SHAHBAZ MALIK: Data with myeloma's pretty darn good. There's a company called bluebird bio that's working with the NCI that has a BCMA CAR. Their responses have been deepening. And the response rates, I believe, are on the order of 80% or greater for patients who are quad-refractory, penta-refractory.

So the data seems to be pretty darn good. And every time they've updated it, it's gotten a little bit better because of the clearance of the M proteins and the free light chains lags a little bit from the clearance of the plasma cells.

MALE SPEAKER: So even as a--

SHAHBAZ MALIK: At this point in time, we want you to refer anybody you think would be appropriate. If we are not able to offer them something here, we do have avenues to refer them elsewhere. But I think we-- I and Dr. [INAUDIBLE] have experience with these medications and know when it's appropriate to give them. So if we have a chance to evaluate the patient, even if we don't have them available here, we'd be happy to see them and refer them appropriately elsewhere.

MALE SPEAKER: OK, and who you'd like to have that?

SHAHBAZ MALIK: We've had several patients, and unfortunately, that we've had to send away just to get them the help that they've needed. There are waiting lists even at centers like MD Anderson that we've had patients sent over there that unfortunately haven't been able to get CAR-T cells in a timely manner. And there's multiple reasons for that. It's just getting through the system and getting put on an appropriate trial or commercial product.

MALE SPEAKER: Have you guys started on CAR-T cell [INAUDIBLE] with the lymphomas [INAUDIBLE]?

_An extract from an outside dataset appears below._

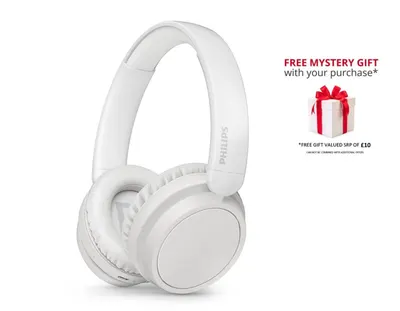 Căști Philips TAH5209WT Alb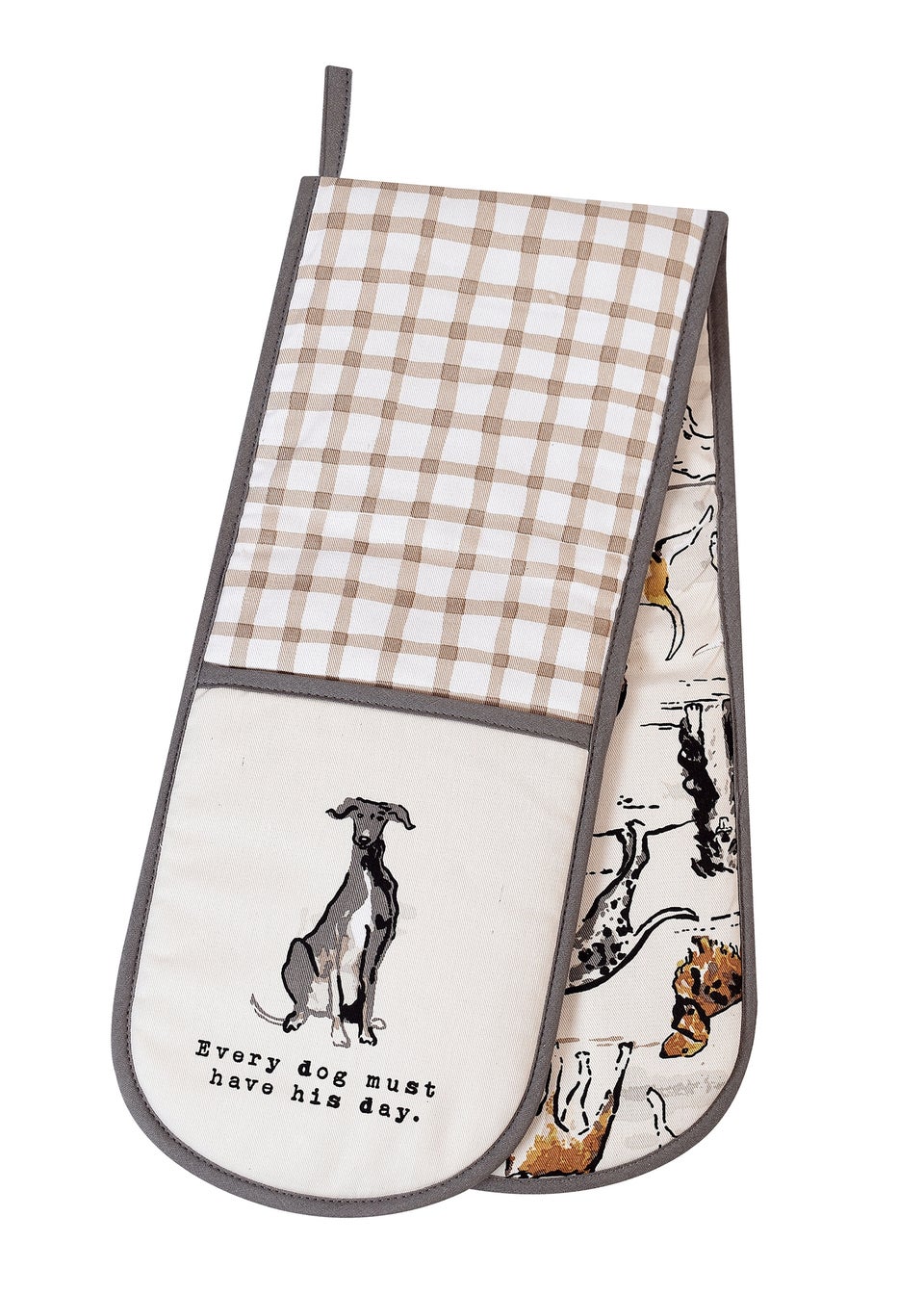 Ulster Weavers Country Dogs Brown Double Oven Glove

SHAHBAZ MALIK: So we're going to-- we have the approval from the company that makes tisagenlecleucel. So we should be able to treat patients. We aren't a pediatric center, so should be able to treat patients from the age of 18 to 25 who have ALL with this and are able to treat pretty much any adult patient with non-Hodgkin lymphoma as well.

We hope to treat later on multiple myeloma when we have the trial available here, and also for AML patients. The AML trial is going to be pretty-- or I shouldn't say pretty limited, but limited to patients who have HLA-A2. So there's a TCR construct that will recognize HLA-A2.

And they're looking at an antigen called PRAME, which is actually expressed on the majority of AML cells. So it's pretty sensitive, but you have to have HLA-A2. And we've looked back to see how many patients we've transplanted or we've seen that have HLA-A2, and it's about four in the past two years. So there are patients who we've seen that may benefit from that as well. The number is not high, but we don't know unless we test them.

So patients who have partial response to the medication that we get for non-Hodgkin lymphoma-- if they don't have a CR, I think looking for an allogeneic stem cell donor would be the most appropriate thing. We would have them in place before we even give the CAR-T cells just because we'd have to move quickly. If they go into a CR, I would say the answer is no because the results are so good with the CAR-T cells alone.

Now, the answer for ALL is-- the folks at the Hutch and the folks that you talk to at Penn would say do not allogen-- don't transplant them. Because the transplant data for patients who go into transplant with any positive disease-- their outcomes are dismal. If we're able to get them into an MRD negative state before transplant, then yes. If they went onto some salvage treatment after CAR-T cell, then we consider allo transplant.